## Material provided
= Beginning of Section =

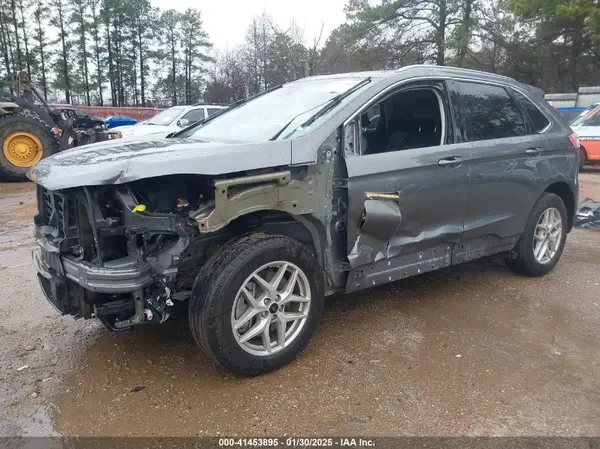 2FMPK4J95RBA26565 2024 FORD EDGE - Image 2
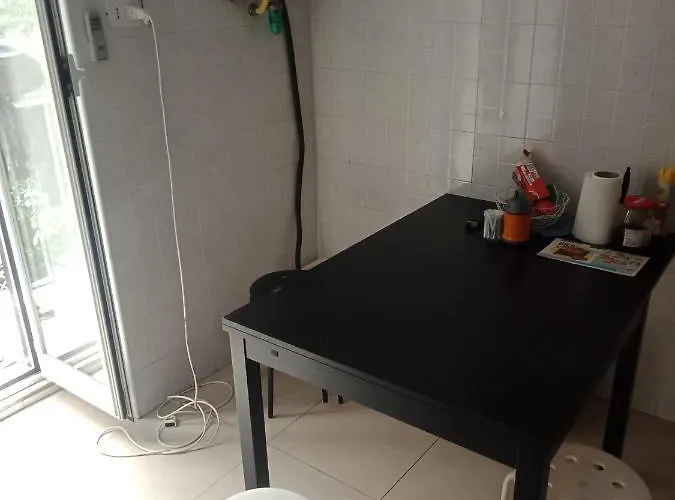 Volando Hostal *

= End of Section =
= Beginning of Section =

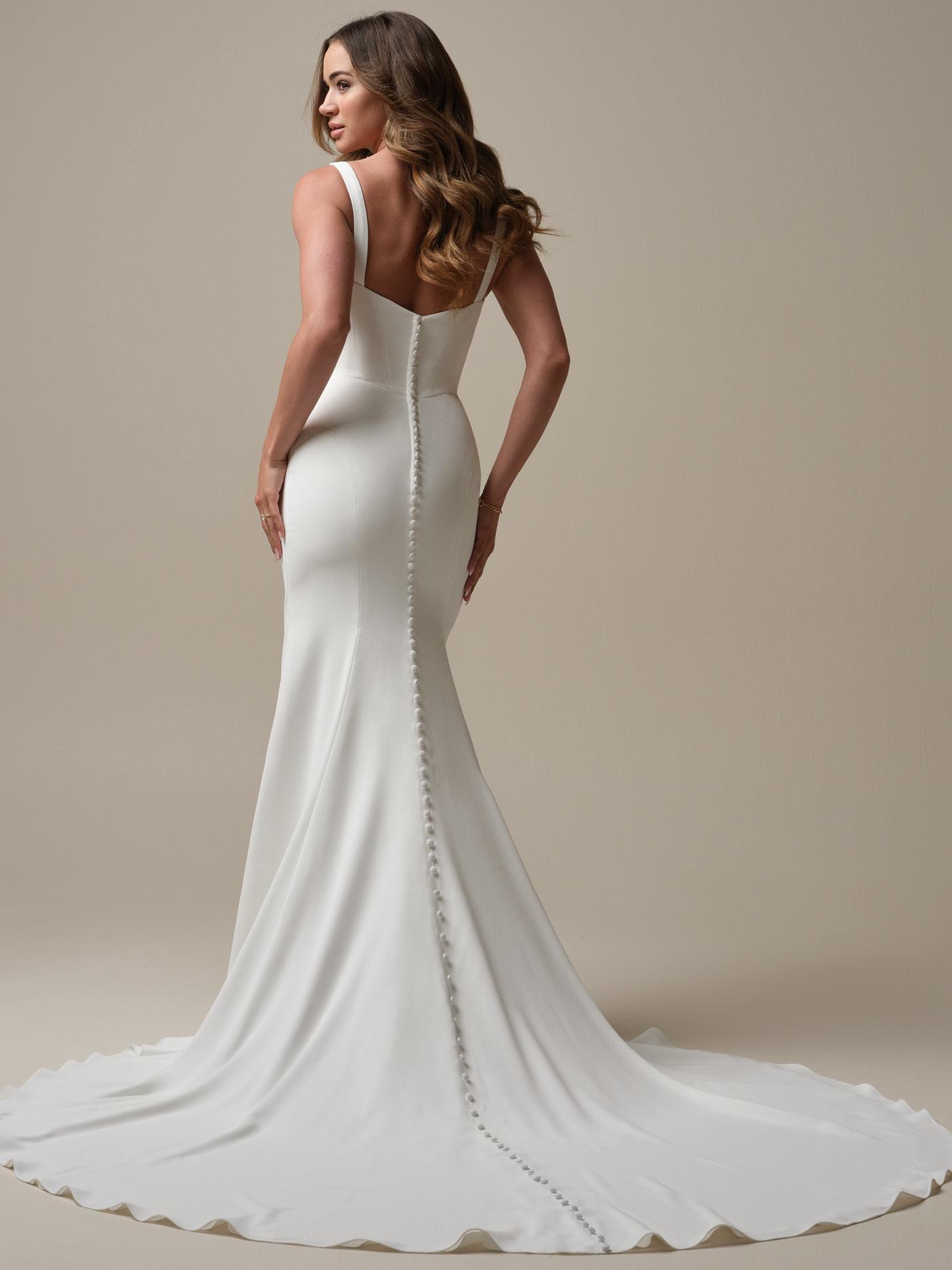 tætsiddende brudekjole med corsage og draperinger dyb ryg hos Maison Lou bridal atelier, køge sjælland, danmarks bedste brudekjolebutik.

= End of Section =

## What you have to do
Your answer must be the exact lines from the records above, from the one containing "2FMPK4J95RBA26565 2024 FORD EDGE - Image 2" through the one containing "Volando Hostal *", both included, with every picture left out.

## Task solution
 2FMPK4J95RBA26565 2024 FORD EDGE - Image 2
 Volando Hostal *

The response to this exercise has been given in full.